洗い終えた炊飯窯を所定の場所に置いてエプロンで手を拭きながら、トオルくんはもじもじしているように見えました。

「どうしたんですか?」

私は明日の食材の確認を終え、トオルくんの方を向いて訊き直しました。

「俺も明日、休みなんだよ。で、もし良かったらさ……映画でも行かない?」

私が映画が好きでよく観に行く話を他のバイトの人にしていたからでしょうか。まさかバイト先の先輩から誘われるなんて思いもせず、少し驚いてしまった私に気付いたのか、

「あっ、ごめん。いや、良かったらって思ってさ……」

トオルくんは少し顔を赤くして慌てて言い直します。今思えば母性なのでしょう。私はその姿に胸がキュンとなるのを感じました。

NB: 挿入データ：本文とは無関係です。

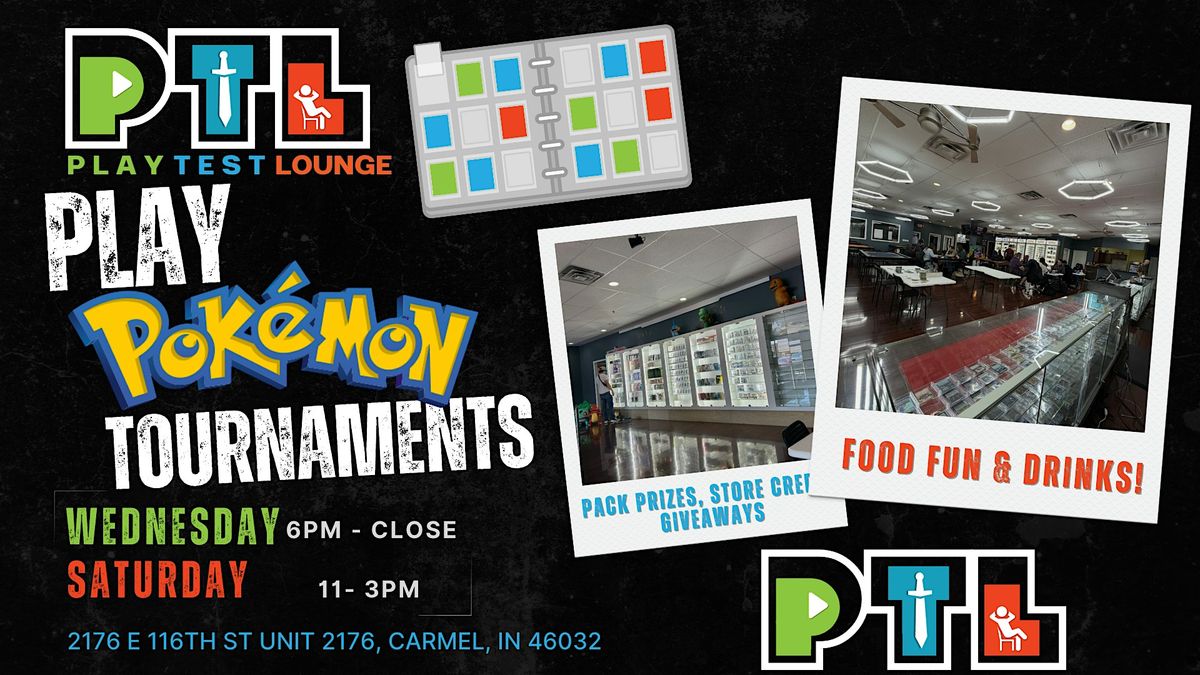 Play Pok\u00e9mon every Wednesday at Play Test Lounge! Casual + competitive tour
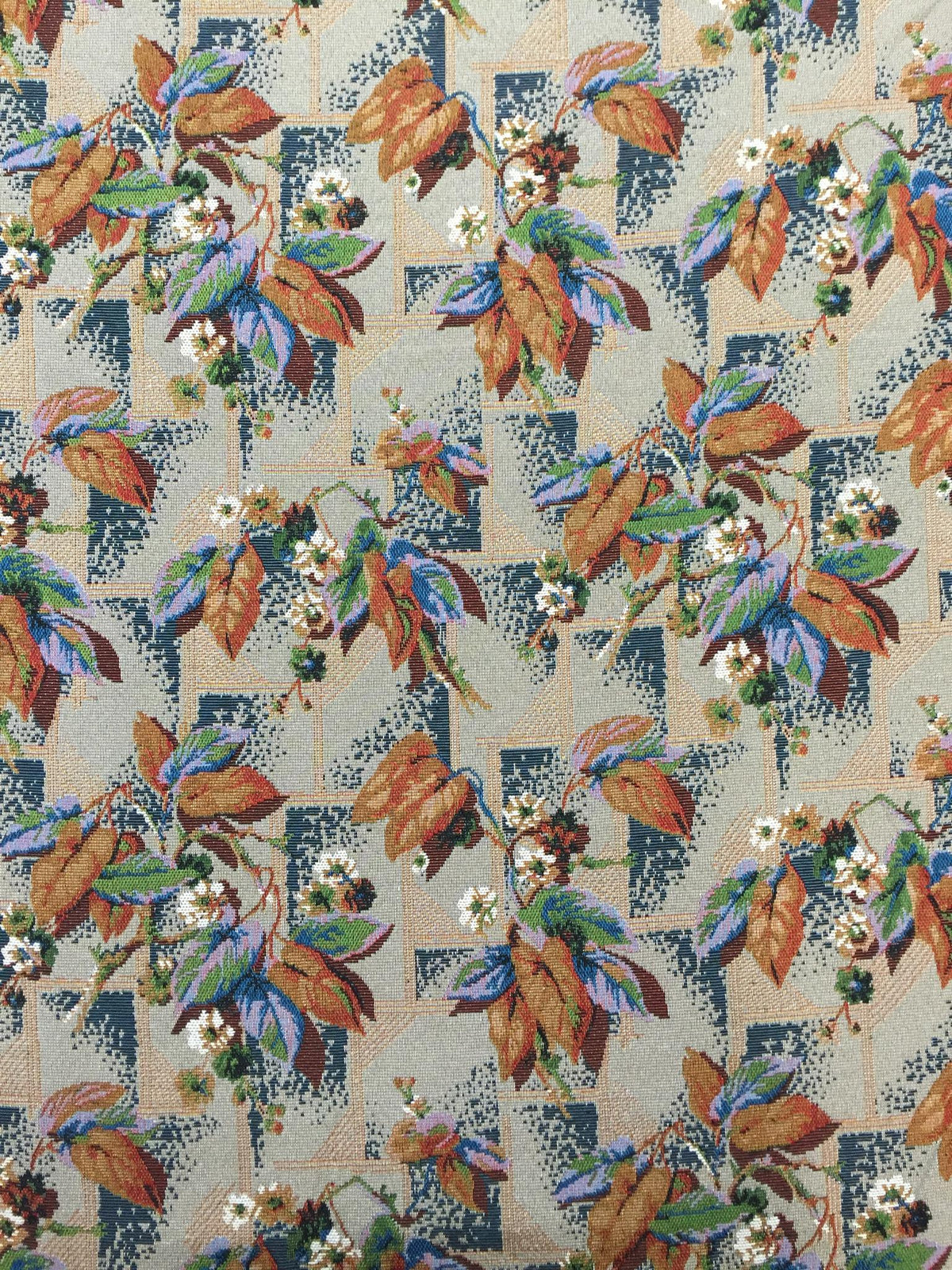 Patchwork Botanical Polyester Jacquard Fabric for Bags Polyester Jacquard Fabric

「明日は予定もないですし、トオルさんが良ければいいですよ」

「マジか!」

トオルくんは嬉しそうな顔で明日の予定を紙に書いて私に差し出します。

「じゃ、明日! 遅れたらごめんだけど、11時に」

自転車に乗って走り出した私を見送り、トオルくんもスクーターに乗ってお店を後にしました。